* **Exercise description**:
As you work through the listing below, copy each line exactly and drop the images.

* **Data extract**:
-- Opening Marker --

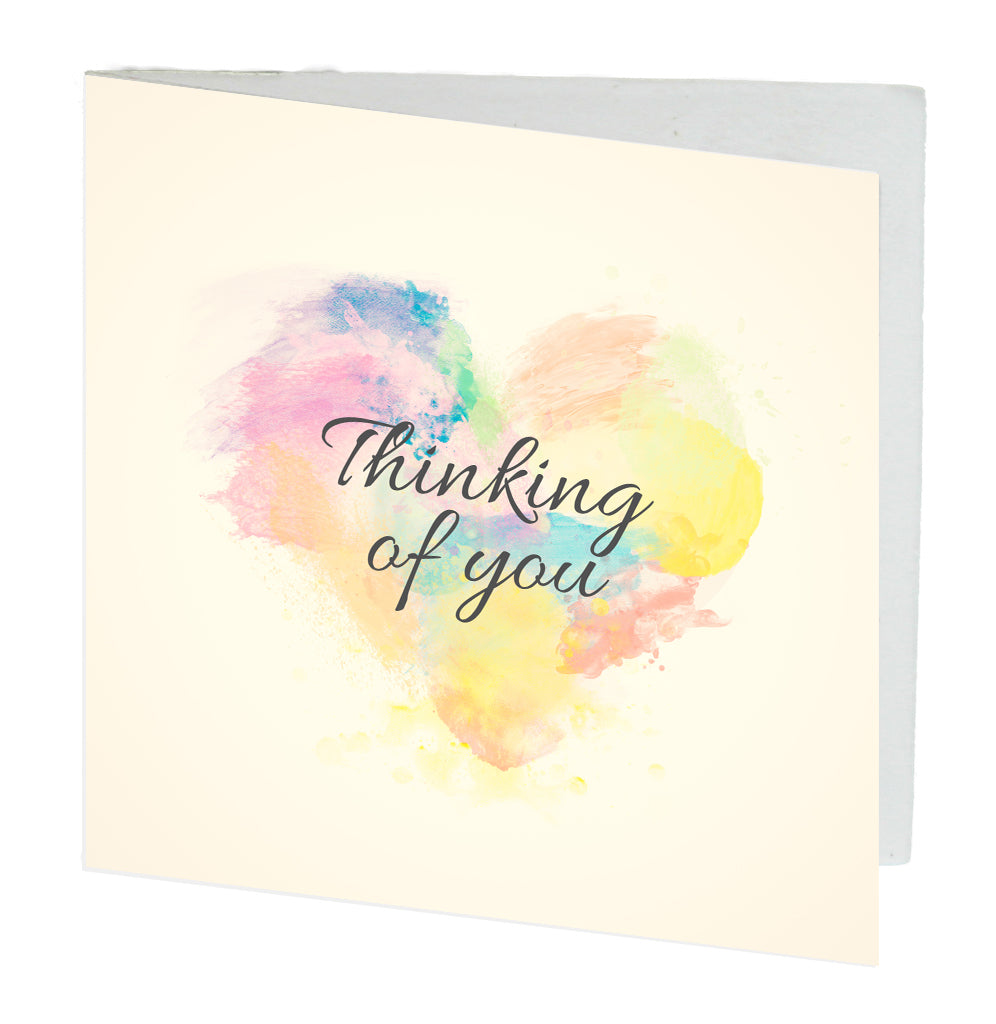 Gift Card Thinking of You Heart Pack of 10 Envelopes included 7cmx7cm.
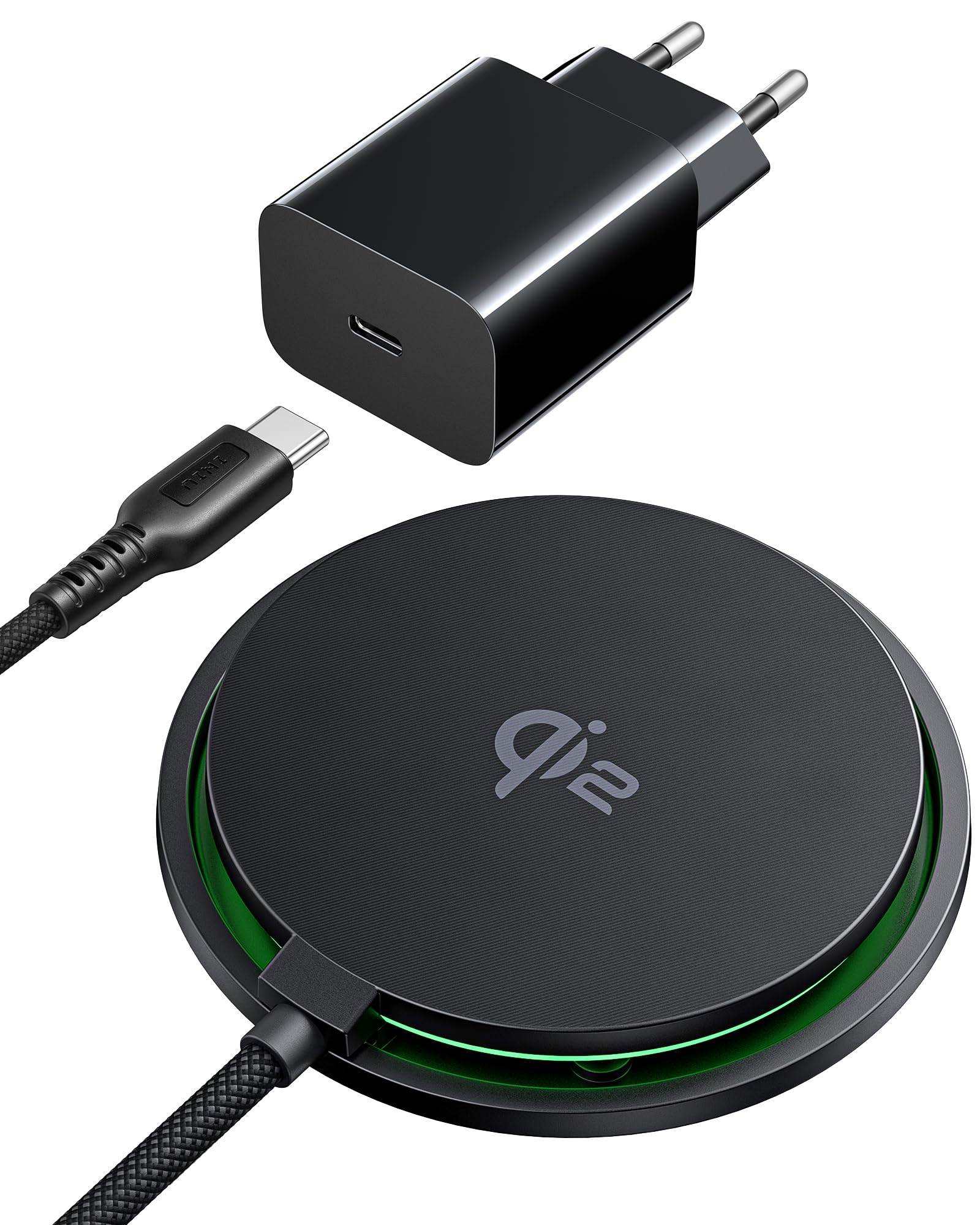 INIU Mag-Safe Ladegerät, 15W Qi2-Zertifiziertes Wireless Charger Induktive iPhone Ladestation mit LED, Kabelloses Ladepad für iPhone 17 16 15 14 13 12 Pro Max AirPods 4 3 Pro 2 (mit 20W USB C Adapter)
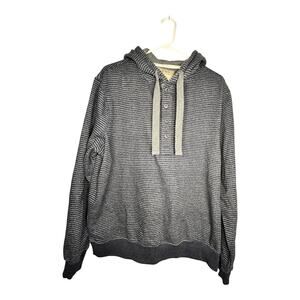 JACHS New York Hooded Sweatshirt Mens Button Fleece Striped Blue-Size L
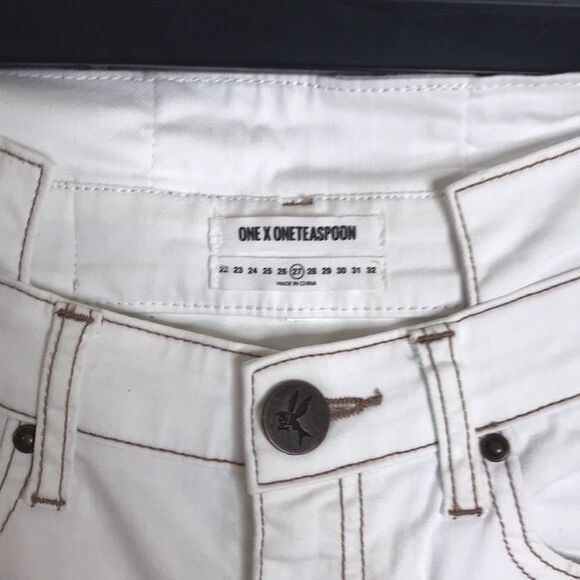 One teaspoon Hoodlums mid waist stretched fitted bow leg white jeans size 27 - Picture 4 of 13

-- Closing Marker --

* **Solution for this exercise**:
 Gift Card Thinking of You Heart Pack of 10 Envelopes included 7cmx7cm.
 INIU Mag-Safe Ladegerät, 15W Qi2-Zertifiziertes Wireless Charger Induktive iPhone Ladestation mit LED, Kabelloses Ladepad für iPhone 17 16 15 14 13 12 Pro Max AirPods 4 3 Pro 2 (mit 20W USB C Adapter)
 JACHS New York Hooded Sweatshirt Mens Button Fleece Striped Blue-Size L
 One teaspoon Hoodlums mid waist stretched fitted bow leg white jeans size 27 - Picture 4 of 13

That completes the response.